Fig. 8. Type II CDB MOST. (a) Circuit with parasitics, and (b) principal physical cross-section.

The type II CDB technique will give a current \( I_Q \) for charging the drain-bulk capacitance; i.e., the base–emitter current gain as much current as with the type I CDB circuit. Thus, the slewing effect will be reduced by the base–emitter current gain. Also, the bulk impedance will be reduced by the base–emitter current gain, and thus the low frequency pole will move up in frequency. Adding another collector to the BJT is best done by adding another MOST, as shown in the figure, who’s gate is connected to the source. Assuming all emitter–collector current gains are approximately the same, this structure will add about \( I_E \sim 3I_Q \) to the MOST.
The quiescent current. If, however, the current gain of the added collector is high, \( I_E \) will approach \( I_Q \) — the added MOST should therefore be a minimum channel length device. As the added MOST is always in accumulation, there is no depletion layer under its gate, which also allows for a higher base–collector current gain for the added collector compared with the original one. Figure 9 shows simulations, which compare a type II and a basic CDB source follower and Fig. 10 shows the simulated transfer functions for a type II and a basic CDB common source amplifier. It is evident that the transient behavior of the type II circuits are greatly improved compared with the basic circuits, albeit not as good as the normal non-CDB equivalents. Note that for these simulations we have used a different 0.5 \( \mu m \) process with \( W/L = 13 \mu m/0.5 \mu m \). We used \( I_{BB} = 20 \) nA and \( I_D = 10 \) \( \mu A \) for the basic CDB circuits while \( I_Q \) for the type II circuits was chosen to give the same threshold voltage shift as in the basic CDB circuits. Obviously, the techniques proposed in the previous section can be used to further improve the CDB type II performance.
5. 1 V Folded Cascode OTA

To verify the applicability of the current driven bulk techniques, we have designed an operational transconductance amplifier using basic CDB circuits. Figure 11 shows our OTA. It is a standard folded cascode transconductance amplifier with a CDB differential pair, and a CDB output current mirror (for simplicity a straightforward bias circuit is shown). Assuming a standard, strong inversion design with \( V_{DD} = 1 \text{ V}, V_{SS} = 0 \text{ V}, |V_{th}| = 0.6 \text{ V} \) and \( V_{DS,sat} = 0.1 \text{ V} \), the range of the input common-mode voltage would be

\[
V_{DS,sat} - |V_{th}| = -0.5 \text{ V} \lesssim V_{CM} \lesssim 0.2 \text{ V} = V_{DD} - |V_{th}| - 2V_{DS,sat},
\]

(2)

which is not compatible with the output voltage range

\[
2V_{DS,sat} = 0.2 \text{ V} \lesssim v_{out} \lesssim 0.8 \text{ V} = V_{DD} - 2V_{DS,sat}.
\]

(3)

Note that there is only just enough voltage for the cascode current mirror to function, which does not make a particularly good design.

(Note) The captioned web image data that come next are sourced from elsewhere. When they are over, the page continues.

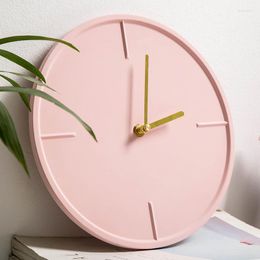 Wandklokken Creative Modern Clock Cement Noordse roze 3d grote kantoor stil horloge Home Decoratie Horloge Mural Gift Ideas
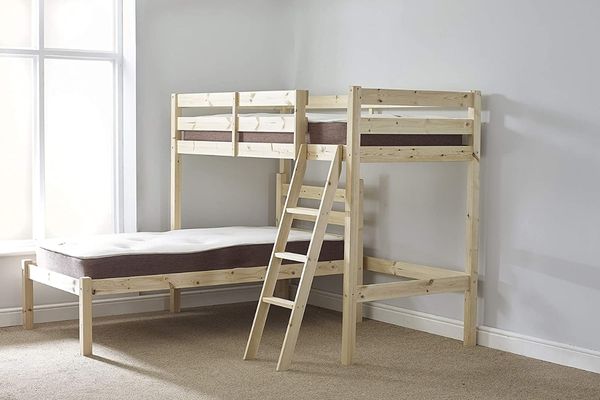 Mandoline L-Shaped Bunk Bed, by Strictly Beds and Bunks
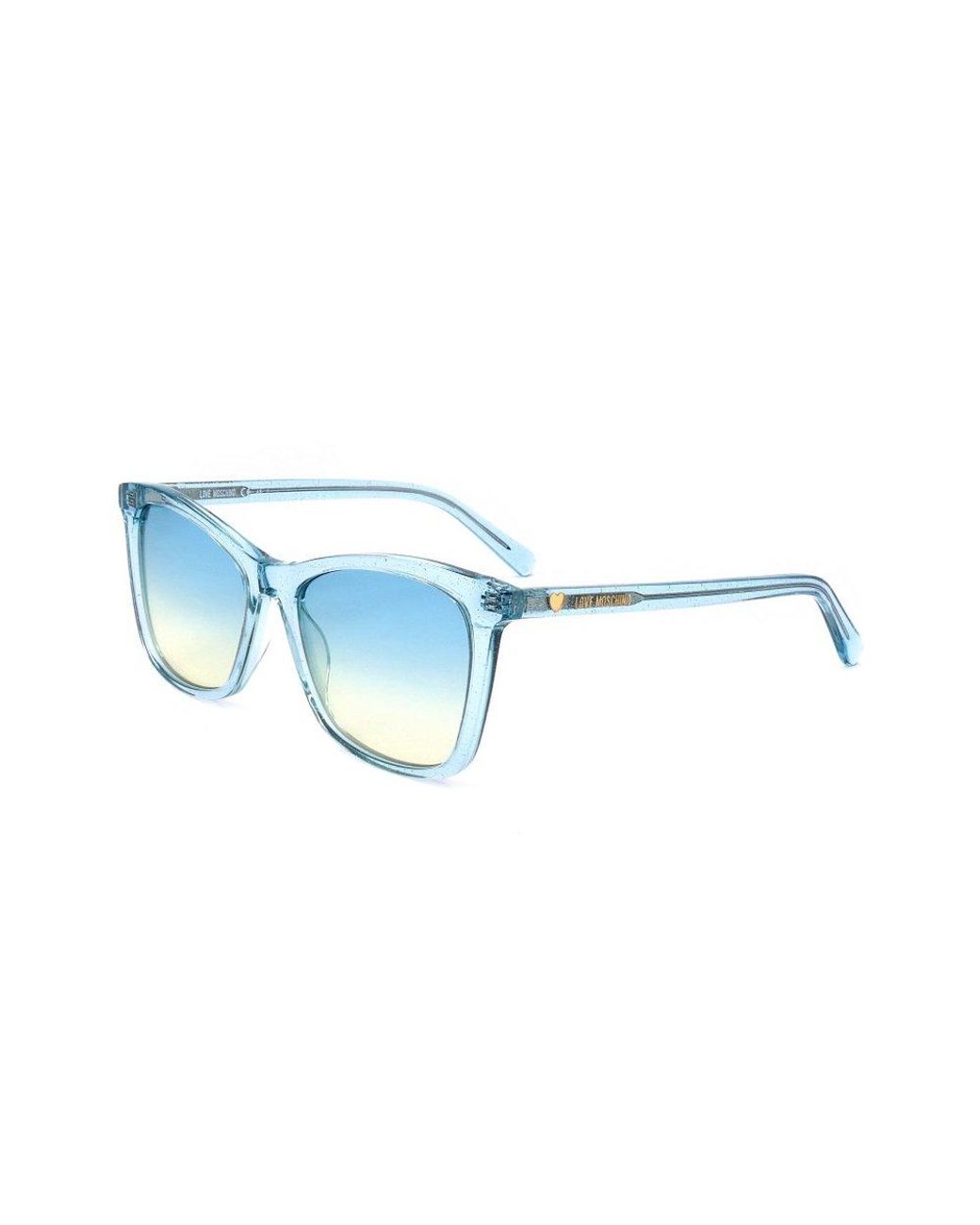 Love Moschino Cat-eye Frame Sunglasses in Blue | Lyst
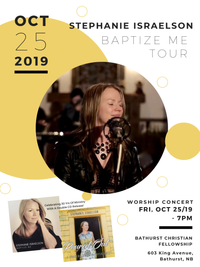 Stephanie Israelson - Baptize Me Tour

Reducing the threshold voltage of the differential pair directly improves the common-mode input range. Also, operating the input pair in sub-threshold reduces the gate–source voltage, and improves the common-mode input range. Assuming we can reduce the threshold voltage till \( |V'_{th}| = 0.4 \text{ V} \) by current driving the bulk, we now get

\[
2V_{DS,sat} - |V'_{th}| = -0.2 \text{ V} \lesssim V'_{CM} \lesssim 0.6 \text{ V} = V_{DD} - |V'_{th}| - V_{DS,sat};
\]

(4)

thus, we now have a 0.4 V overlap in the valid in- and output ranges. To get more voltage room for the current mirror, we also current drive the bulk of the transistors in this.

![Fig. 11. 1 V CDB folded cascode OTA.](image-url)
As pointed out in Sec. 3, the cascodes on the CDB current mirror will eliminate the unwanted effects of the drain-bulk capacitance of these transistors. In such a low-voltage design, it’s an advantage to operate the cascoding transistors in sub-threshold, as that makes it easier to generate the bias voltages $V_{\text{bias}3}$ and $V_{\text{bias}4}$;
it is, however not critical. The other transistors should work in strong inversion as good matching gives the lowest overall offset error. The cascodes on the differential pair will eliminate the unwanted effects of the drain-bulk capacitance of the pair when a differential signal is applied. Common-mode signals will cause a change in the source voltage and hence, as the drain potentials are kept constant by the cascodes, a change in drain-bulk voltage. Therefore, we have inserted a decoupling capacitor, $C_X$.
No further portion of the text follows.